■ Given information ■
════

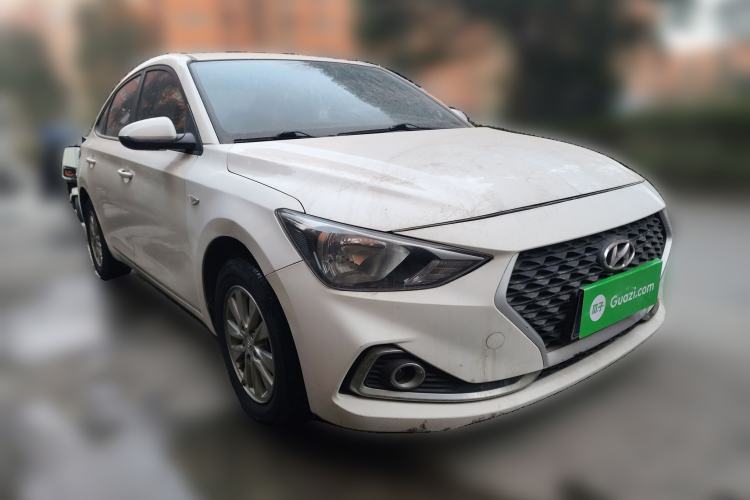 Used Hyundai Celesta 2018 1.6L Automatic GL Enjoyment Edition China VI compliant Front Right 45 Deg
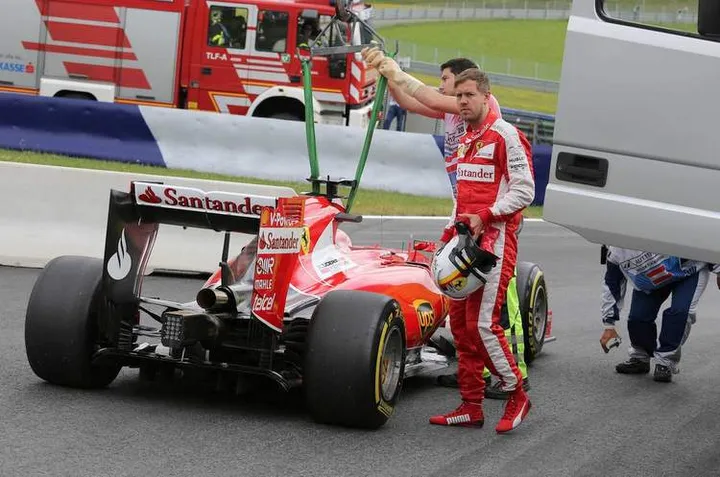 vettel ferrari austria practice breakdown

════

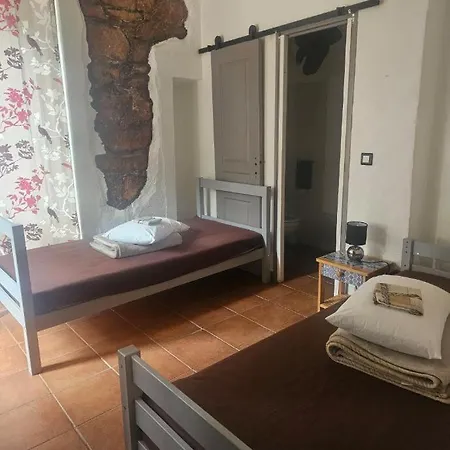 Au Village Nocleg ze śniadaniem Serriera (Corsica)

════

Reproduce the listing above exactly from the line containing "Used Hyundai Celesta" up to and including the line containing "vettel ferrari austria practice breakdown", omitting any images and everything outside those lines.

■ Exercise response ■
 Used Hyundai Celesta 2018 1.6L Automatic GL Enjoyment Edition China VI compliant Front Right 45 Deg
 vettel ferrari austria practice breakdown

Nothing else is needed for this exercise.